*Requirement:*
Please give back exactly the line with "BMW 3 серии с пробегом — 2013 год. Фото: #1" and each line after it through the end of the material, leaving out the pictures.

*Stored data:*
---
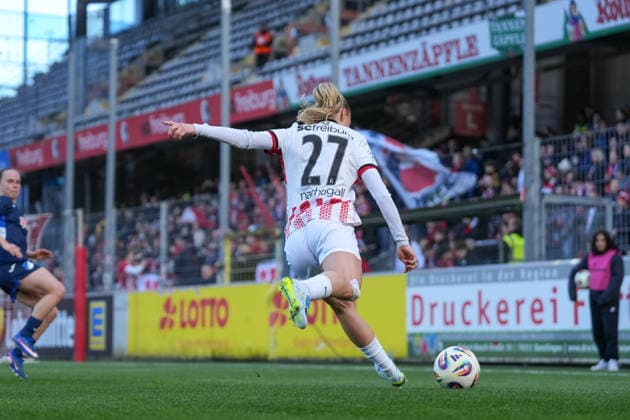 Sophie Nachtigall SC Freiburg, 27 on the ball , Germany, Football, GooglePixel Womens Bundesliga, 22 Matchday, 2025 2026, SC Freiburg vs TSG 1899 Hoffenheim, 29 03 2026, Dreisamstadion, Freiburg, Germany DFB REGULATIONS PROHIBIT ANY USE OF PHOTOGRAPHS AS IMAGE SEQUENCES AND OR QUASI VIDEO Freiburg Dreisamstadion Baden Wuerttemberg Germany Copyright: xArnexAmbergx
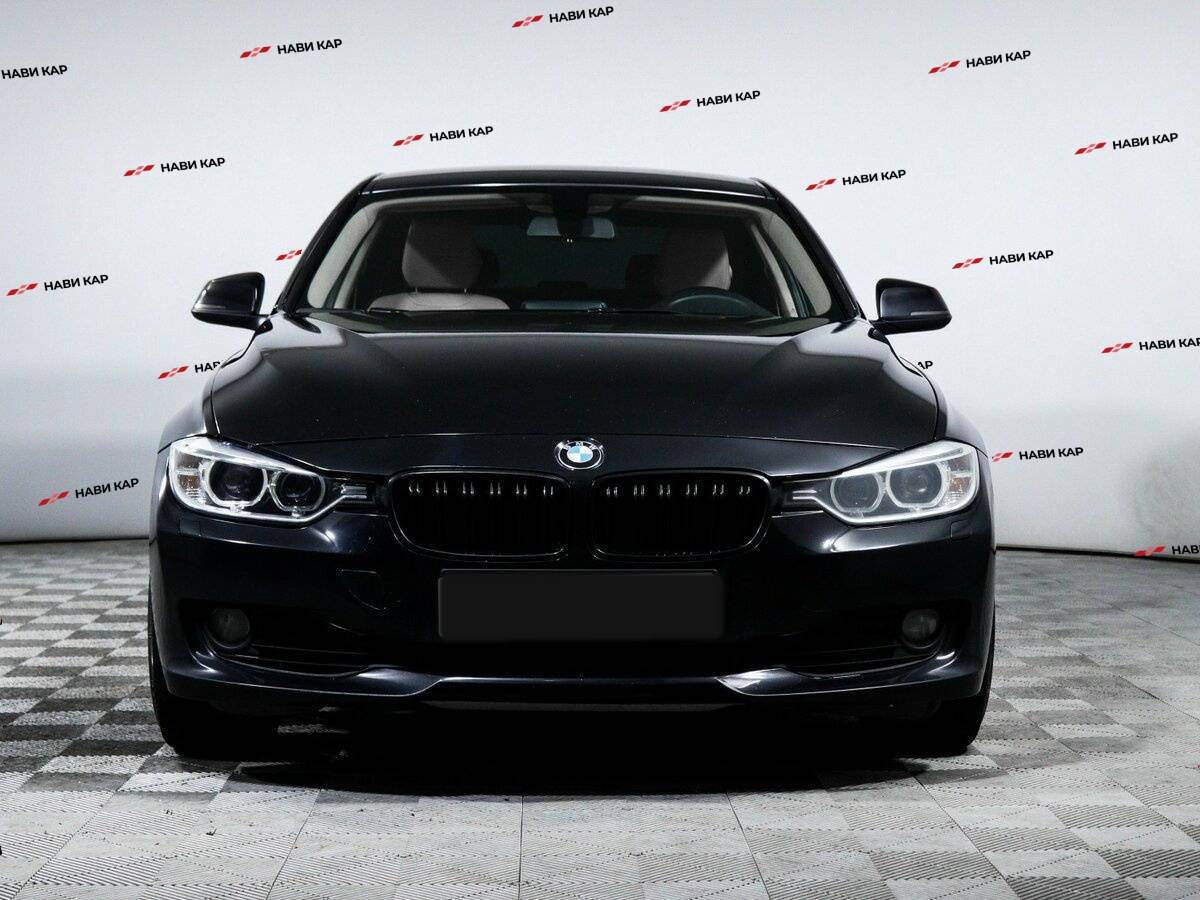 BMW 3 серии с пробегом — 2013 год. Фото: #1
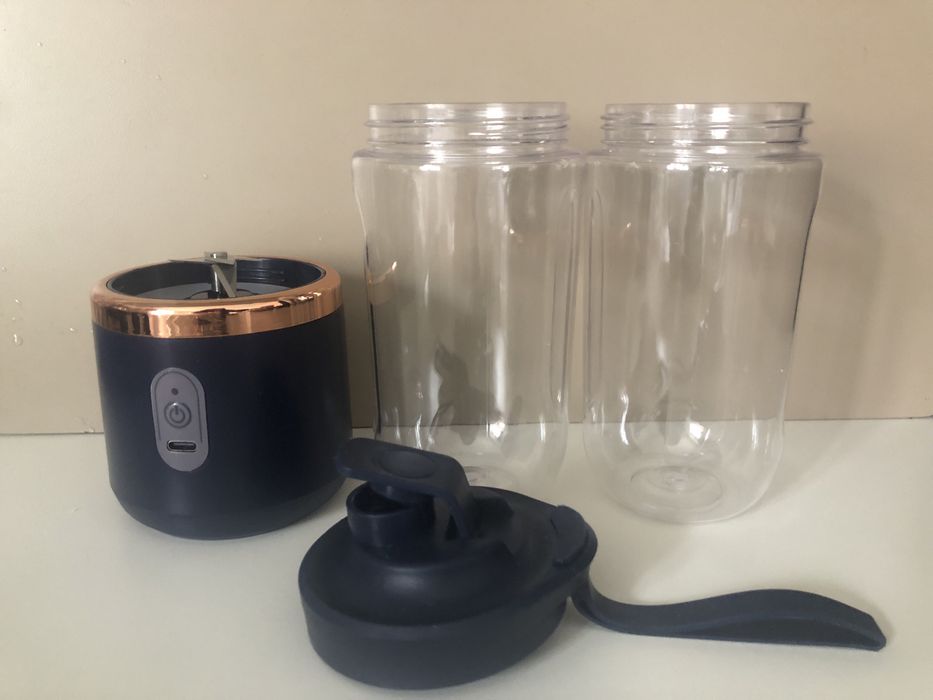 Mini blender portabil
---
*Expected output:*
 BMW 3 серии с пробегом — 2013 год. Фото: #1
 Mini blender portabil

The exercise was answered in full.